I love vacations from school. Not because I hate school, but I like change. Vacation is change, rest, and time to watch movies. So this past weekend Sarah and I watched Freedom Writers, a movie starring Hillary Swank as a High School English Teacher in LA shortly after the Rodney King incident. The acting wasn’t so hot, but the story was inspiring…at least a little. The movie is based off of a true story, and it was heart breaking hearing kids talk about their parents getting beat up, neighbors shot, and friends killed. As Swank’s character gets more and more wrapped up in her new teaching career, her husband grows more and more distant. Eventually he leaves her and they divorce. That’s how her personal life is resolved.

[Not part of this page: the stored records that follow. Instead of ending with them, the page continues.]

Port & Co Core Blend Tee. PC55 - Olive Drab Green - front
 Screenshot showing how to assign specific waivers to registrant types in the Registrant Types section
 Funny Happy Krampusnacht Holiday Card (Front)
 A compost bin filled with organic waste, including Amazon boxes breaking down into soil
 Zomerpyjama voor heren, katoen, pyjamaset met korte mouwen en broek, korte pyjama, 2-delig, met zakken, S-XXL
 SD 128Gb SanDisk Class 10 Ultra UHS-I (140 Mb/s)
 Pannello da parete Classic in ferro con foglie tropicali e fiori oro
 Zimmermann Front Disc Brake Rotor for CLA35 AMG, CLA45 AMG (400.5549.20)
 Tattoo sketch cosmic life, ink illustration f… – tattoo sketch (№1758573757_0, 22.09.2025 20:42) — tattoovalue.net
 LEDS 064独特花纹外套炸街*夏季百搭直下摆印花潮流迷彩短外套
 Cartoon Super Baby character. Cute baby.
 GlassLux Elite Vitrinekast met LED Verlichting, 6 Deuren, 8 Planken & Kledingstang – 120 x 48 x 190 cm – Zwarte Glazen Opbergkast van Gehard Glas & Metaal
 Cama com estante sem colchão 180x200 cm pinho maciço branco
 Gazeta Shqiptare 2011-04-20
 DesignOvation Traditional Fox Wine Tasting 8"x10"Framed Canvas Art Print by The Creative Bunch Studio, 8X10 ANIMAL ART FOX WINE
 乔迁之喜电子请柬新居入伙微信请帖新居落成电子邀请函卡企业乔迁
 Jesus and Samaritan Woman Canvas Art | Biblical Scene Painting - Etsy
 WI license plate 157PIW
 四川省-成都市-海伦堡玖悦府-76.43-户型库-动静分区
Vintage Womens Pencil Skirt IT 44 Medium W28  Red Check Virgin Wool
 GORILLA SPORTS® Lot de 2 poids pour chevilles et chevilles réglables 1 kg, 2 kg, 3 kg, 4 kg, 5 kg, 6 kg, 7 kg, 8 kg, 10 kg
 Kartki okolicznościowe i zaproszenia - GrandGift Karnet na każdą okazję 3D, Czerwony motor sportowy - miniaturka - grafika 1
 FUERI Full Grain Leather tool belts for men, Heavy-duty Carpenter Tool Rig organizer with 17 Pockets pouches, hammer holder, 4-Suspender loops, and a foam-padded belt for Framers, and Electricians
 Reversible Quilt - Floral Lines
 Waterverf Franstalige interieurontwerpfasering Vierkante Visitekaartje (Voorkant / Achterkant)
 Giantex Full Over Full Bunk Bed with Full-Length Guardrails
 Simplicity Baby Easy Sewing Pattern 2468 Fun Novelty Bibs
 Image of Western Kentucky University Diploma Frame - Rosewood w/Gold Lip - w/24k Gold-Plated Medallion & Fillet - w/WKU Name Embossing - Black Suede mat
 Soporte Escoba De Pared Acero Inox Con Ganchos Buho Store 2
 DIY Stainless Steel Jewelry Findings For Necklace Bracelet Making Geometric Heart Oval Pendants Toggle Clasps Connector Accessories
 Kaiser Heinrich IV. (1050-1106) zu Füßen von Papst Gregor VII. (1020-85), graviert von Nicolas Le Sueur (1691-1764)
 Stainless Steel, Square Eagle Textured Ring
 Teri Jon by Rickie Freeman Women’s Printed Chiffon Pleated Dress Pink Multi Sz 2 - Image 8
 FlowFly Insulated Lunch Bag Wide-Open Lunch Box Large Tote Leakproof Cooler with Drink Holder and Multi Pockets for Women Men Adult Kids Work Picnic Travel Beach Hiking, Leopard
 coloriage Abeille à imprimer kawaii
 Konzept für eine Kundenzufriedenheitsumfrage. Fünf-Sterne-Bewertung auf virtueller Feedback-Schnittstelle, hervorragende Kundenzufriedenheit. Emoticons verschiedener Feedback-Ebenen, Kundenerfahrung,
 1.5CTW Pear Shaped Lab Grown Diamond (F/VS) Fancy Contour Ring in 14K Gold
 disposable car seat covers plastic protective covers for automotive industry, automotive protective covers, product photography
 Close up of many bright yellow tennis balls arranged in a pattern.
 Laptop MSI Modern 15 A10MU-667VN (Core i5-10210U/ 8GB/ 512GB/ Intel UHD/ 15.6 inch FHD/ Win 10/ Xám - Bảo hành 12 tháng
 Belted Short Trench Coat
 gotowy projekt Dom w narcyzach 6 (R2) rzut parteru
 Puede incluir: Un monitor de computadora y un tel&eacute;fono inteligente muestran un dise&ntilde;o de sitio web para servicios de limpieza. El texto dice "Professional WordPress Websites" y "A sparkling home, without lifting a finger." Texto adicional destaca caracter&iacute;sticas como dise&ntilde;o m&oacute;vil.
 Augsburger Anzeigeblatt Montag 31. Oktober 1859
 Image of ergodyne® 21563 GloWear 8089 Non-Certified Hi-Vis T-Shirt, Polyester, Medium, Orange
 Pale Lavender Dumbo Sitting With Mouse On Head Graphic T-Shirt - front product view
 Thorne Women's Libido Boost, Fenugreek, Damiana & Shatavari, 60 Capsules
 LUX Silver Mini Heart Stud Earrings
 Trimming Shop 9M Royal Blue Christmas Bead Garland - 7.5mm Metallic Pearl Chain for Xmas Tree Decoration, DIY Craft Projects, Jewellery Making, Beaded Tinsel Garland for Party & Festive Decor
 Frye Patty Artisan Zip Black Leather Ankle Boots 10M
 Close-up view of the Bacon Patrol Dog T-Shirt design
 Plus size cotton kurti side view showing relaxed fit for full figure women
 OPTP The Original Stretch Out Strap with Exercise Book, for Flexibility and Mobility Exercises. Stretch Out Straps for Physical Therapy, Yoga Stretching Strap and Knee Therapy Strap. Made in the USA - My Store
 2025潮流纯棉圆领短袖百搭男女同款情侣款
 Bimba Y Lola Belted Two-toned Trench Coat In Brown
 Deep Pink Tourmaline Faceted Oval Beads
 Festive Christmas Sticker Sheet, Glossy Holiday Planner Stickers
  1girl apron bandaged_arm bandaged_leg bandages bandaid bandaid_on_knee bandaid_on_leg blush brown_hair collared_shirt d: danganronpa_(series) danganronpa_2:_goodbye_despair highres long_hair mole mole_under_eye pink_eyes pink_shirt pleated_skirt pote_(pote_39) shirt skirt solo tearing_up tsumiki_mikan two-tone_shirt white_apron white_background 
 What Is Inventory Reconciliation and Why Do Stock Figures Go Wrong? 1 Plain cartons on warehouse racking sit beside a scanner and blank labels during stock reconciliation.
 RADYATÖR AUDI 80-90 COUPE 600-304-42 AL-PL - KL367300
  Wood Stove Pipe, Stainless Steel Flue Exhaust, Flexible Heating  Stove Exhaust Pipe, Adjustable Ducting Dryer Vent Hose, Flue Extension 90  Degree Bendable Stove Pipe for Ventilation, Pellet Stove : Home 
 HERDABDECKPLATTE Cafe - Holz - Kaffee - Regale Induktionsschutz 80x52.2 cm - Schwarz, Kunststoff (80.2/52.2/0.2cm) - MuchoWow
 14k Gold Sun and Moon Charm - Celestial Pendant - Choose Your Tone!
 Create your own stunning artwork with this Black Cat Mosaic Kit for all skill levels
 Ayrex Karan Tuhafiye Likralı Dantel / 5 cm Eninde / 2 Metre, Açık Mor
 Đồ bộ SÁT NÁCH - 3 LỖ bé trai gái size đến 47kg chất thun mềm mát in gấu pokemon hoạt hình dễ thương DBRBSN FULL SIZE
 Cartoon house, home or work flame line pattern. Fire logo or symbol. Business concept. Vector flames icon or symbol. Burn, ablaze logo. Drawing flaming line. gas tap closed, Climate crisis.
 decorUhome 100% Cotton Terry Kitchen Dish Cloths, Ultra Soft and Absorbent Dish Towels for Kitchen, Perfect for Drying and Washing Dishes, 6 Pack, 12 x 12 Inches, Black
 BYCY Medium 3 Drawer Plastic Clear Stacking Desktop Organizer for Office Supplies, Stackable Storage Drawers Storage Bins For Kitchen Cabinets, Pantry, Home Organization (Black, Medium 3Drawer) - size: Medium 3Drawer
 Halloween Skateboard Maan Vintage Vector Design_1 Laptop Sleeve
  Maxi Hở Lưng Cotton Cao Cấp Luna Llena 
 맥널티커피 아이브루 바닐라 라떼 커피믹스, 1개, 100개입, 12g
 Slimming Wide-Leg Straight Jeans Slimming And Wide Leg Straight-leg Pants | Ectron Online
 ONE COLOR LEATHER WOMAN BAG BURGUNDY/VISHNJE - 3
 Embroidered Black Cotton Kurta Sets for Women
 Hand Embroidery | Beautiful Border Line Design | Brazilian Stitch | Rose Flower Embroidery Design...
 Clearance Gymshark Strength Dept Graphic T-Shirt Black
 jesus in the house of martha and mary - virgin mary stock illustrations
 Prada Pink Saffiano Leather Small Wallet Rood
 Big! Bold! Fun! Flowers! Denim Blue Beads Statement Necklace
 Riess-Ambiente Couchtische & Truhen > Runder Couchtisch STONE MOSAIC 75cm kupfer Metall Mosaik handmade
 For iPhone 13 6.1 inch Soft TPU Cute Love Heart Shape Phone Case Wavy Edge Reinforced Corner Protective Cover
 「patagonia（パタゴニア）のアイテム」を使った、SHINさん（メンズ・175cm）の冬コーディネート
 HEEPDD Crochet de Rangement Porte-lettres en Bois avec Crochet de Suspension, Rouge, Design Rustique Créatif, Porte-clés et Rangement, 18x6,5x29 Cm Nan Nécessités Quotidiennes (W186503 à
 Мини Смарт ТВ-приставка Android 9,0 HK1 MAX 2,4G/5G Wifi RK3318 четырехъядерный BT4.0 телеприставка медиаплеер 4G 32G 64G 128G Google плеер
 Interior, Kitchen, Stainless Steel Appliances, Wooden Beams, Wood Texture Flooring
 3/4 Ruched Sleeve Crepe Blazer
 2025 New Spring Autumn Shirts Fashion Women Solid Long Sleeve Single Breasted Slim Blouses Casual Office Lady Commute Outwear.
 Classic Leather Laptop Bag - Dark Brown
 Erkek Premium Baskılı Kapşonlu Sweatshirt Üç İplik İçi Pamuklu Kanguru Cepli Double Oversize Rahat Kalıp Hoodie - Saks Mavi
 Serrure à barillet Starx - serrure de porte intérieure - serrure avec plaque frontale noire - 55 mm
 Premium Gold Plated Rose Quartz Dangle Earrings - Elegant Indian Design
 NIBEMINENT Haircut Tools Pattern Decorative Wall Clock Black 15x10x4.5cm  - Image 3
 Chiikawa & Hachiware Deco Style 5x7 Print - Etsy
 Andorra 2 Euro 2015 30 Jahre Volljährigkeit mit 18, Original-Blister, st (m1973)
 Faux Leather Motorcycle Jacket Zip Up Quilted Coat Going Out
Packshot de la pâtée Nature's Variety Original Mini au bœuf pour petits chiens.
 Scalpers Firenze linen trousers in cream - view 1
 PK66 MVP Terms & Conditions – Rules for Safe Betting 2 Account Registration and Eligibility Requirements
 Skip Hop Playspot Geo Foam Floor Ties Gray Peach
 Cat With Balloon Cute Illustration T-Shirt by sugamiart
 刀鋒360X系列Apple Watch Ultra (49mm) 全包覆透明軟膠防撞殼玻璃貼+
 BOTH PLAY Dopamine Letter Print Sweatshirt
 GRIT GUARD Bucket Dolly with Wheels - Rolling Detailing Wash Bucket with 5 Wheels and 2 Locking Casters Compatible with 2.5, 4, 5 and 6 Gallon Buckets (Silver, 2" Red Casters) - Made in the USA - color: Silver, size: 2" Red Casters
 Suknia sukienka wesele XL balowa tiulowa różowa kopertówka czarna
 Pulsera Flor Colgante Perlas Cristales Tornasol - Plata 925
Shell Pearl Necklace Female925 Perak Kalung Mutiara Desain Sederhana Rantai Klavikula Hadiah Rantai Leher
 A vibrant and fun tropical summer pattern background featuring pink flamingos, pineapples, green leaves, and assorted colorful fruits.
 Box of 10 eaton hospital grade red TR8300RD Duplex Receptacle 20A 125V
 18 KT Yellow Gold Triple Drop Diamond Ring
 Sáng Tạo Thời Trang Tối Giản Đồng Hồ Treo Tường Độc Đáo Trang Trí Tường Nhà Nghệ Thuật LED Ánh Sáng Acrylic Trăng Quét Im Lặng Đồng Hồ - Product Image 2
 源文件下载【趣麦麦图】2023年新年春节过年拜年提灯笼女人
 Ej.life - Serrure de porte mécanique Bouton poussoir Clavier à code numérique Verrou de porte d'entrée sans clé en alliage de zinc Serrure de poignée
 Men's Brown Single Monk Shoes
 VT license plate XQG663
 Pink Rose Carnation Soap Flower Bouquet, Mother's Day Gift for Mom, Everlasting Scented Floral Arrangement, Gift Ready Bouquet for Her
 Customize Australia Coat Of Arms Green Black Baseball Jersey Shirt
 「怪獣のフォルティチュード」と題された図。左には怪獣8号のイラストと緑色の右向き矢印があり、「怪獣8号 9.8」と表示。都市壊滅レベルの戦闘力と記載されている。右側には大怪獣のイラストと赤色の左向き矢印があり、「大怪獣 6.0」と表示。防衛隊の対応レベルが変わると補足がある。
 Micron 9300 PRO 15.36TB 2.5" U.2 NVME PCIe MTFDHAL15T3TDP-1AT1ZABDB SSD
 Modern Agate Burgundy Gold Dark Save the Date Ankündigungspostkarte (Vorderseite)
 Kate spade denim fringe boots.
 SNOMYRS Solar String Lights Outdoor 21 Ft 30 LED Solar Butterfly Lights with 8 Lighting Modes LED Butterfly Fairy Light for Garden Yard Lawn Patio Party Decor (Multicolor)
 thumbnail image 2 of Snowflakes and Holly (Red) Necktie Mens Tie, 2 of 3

My wife and I spent a good amount of time talking about the divorce bit. Teaching is taxing on a family. I love going to see students perform. Whether its sports, stage, or music I like to invest in students outside of the classroom. They come (some trudge, grumble, and even fart) to my class everyday. The least I can do is go to some events. But it takes coordinating. Our schedule is busy enough without throwing in High School activities, but it’s an important element of teaching. Sarah and I have had to work through this. She’s learning that attending some of these function can be fun, and I’m learning to tell my students (from time to time) that I’m not going to such and such a function because I’m spending time with my wife. As much as kids need teacher support at events, I think they also need to hear from me that my family is a priority. To say the least, it’s like juggling firecrackers.
And this is where the movie went wrong. The husband (I forget the actor’s name–Patrick Dempsey maybe???, but Sarah thinks he’s dreamy–gag) never clearly communicated his needs. Swank was oblivious to her re-prioritized life, clueless to the fact that every new job she picked up further alienated her husband. It came to the point where she was telling her hubby (non-verbally) that her students, who had nothing, were more important than him. What a tough line to draw. I know because I’ve done the same thing.
Fortunately, I married a fantastic woman that’s willing to tough it out and communicate, because regardless of how effective I am as a teacher, there’s always graduation and moving on. When my students get into the real world, they may or may not ever think of me again, much less maintain any form of communication. I have to be okay with that. But where would I be without my wife when that time comes? Sure more students come along, but then there’s a vicious cycle of never really getting anywhere or never developing deeper-level relationships. And that’s a shame. Thanks Hollywood for giving us the story of an inspiring teacher. I hope to do better.